Mozilla has released two advisories to patch serious security flaws in its flagship Firefox Web browser.The vulnerabilities are rated "critical," meaning they can be exploited by malicious hackers to run harmful code and install software, requiring no user interaction beyond normal browsing.
Written by Ryan Naraine, Contributor

Mozilla has released two advisories to patch serious security flaws in its flagship Firefox Web browser.
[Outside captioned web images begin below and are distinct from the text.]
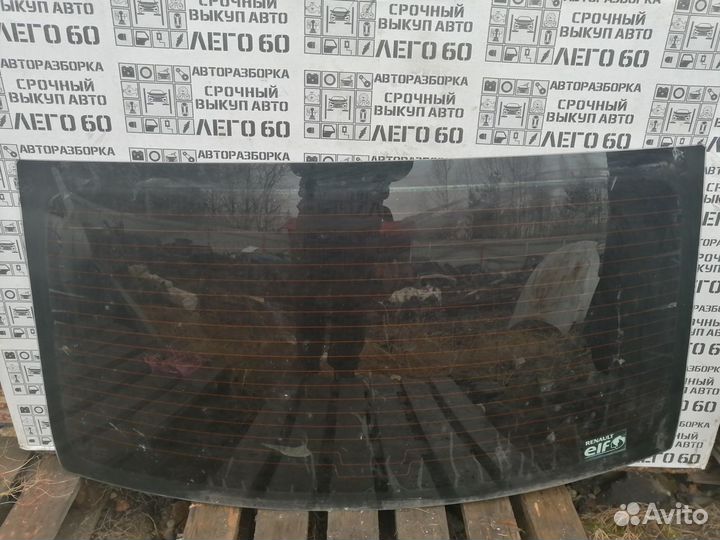 Стекло заднее для Renault Logan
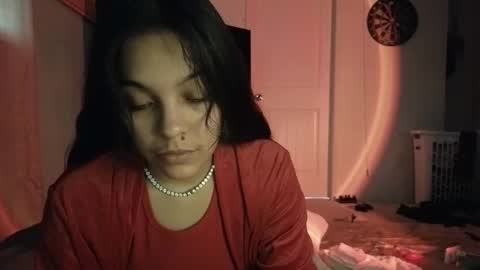 Snapshot of sweetieslikebutter chatting on 11.09.25 Blu Sweets online show from 11.09.25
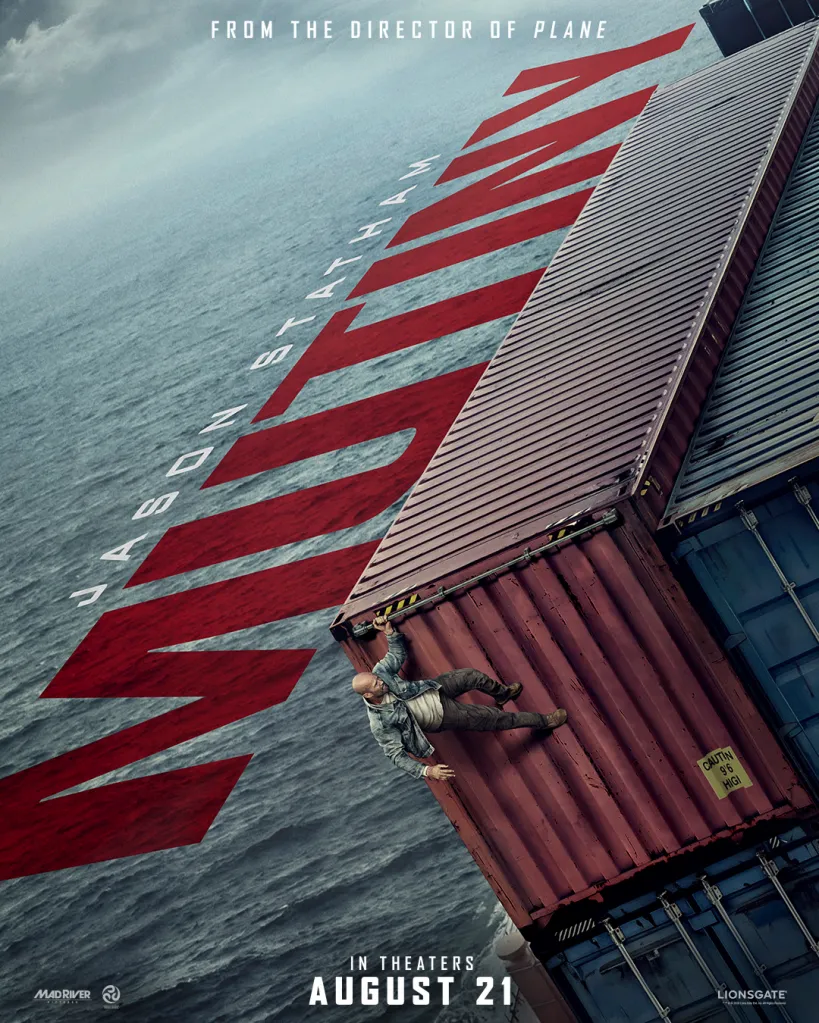 Pôster oficial de Mutiny com personagem em cargueiro, filme da Lionsgate com Jason Statham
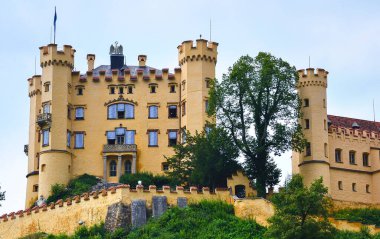 Yazın Hohenschwangau Kalesi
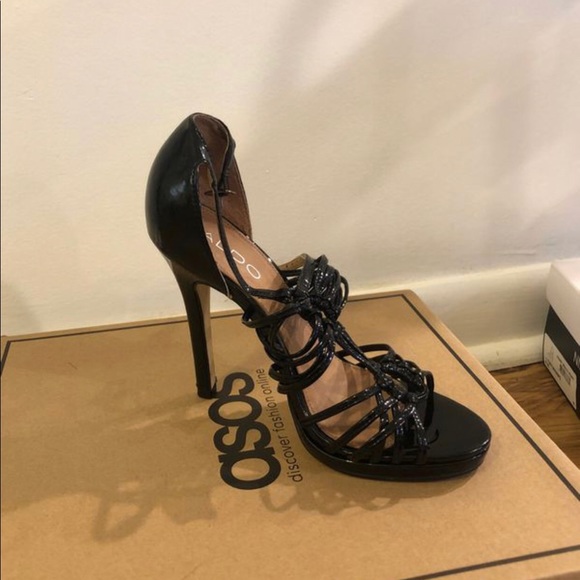 Black Aldo heels size 6 - Picture 2 of 3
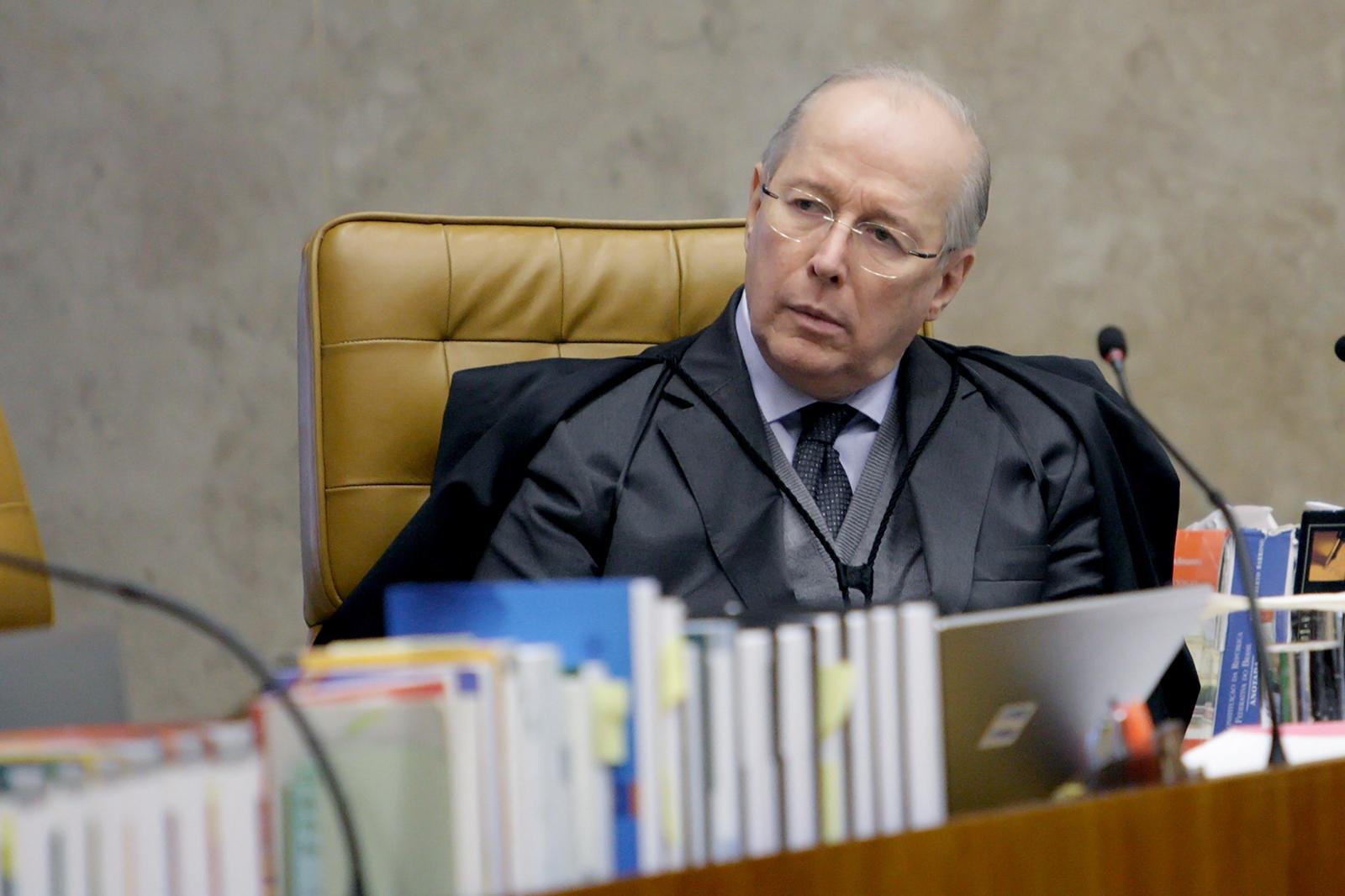 STF n&atilde;o hesitar&aacute; diante de desafios, afirma Celso de Mello em homenagem a Teori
The vulnerabilities are rated "critical," meaning they can be exploited by malicious hackers to run harmful code and install software, requiring no user interaction beyond normal browsing.   These issues were separately discussed at last week's Black Hat conference by researchers Moxie Marlinspike and Dan Kaminsky.

The skinny:

MFSA 2009-42 Compromise of SSL-protected communication

IOActive security researcher Dan Kaminsky (right) reported a mismatch in the treatment of domain names in SSL certificates between SSL clients and the Certificate Authorities (CA) which issue server certificates. In particular, if a malicious person requested a certificate for a host name with an invalid null character in it most CAs would issue the certificate if the requester owned the domain specified after the null, while most SSL clients (browsers) ignored that part of the name and used the unvalidated part in front of the null. This made it possible for attackers to obtain certificates that would function for any site they wished to target. These certificates could be used to intercept and potentially alter encrypted communication between the client and a server such as sensitive bank account transactions.

This vulnerability was independently reported to us by researcher Moxie Marlinspike who also noted that since Firefox relies on SSL to protect the integrity of security updates this attack could be used to serve malicious updates.

MFSA 2009-43 Heap overflow in certificate regexp parsing

Moxie Marlinspike reported a heap overflow vulnerability in the code that handles regular expressions in certificate names. This vulnerability could be used to compromise the browser and run arbitrary code by presenting a specially crafted certificate to the client. This code provided compatibility with the non-standard regular expression syntax historically supported by Netscape clients and servers. With version 3.5 Firefox switched to the more limited industry-standard wildcard syntax instead and is not vulnerable to this flaw.

Mozilla is distributing the patches via the browser's built-in update mechanism.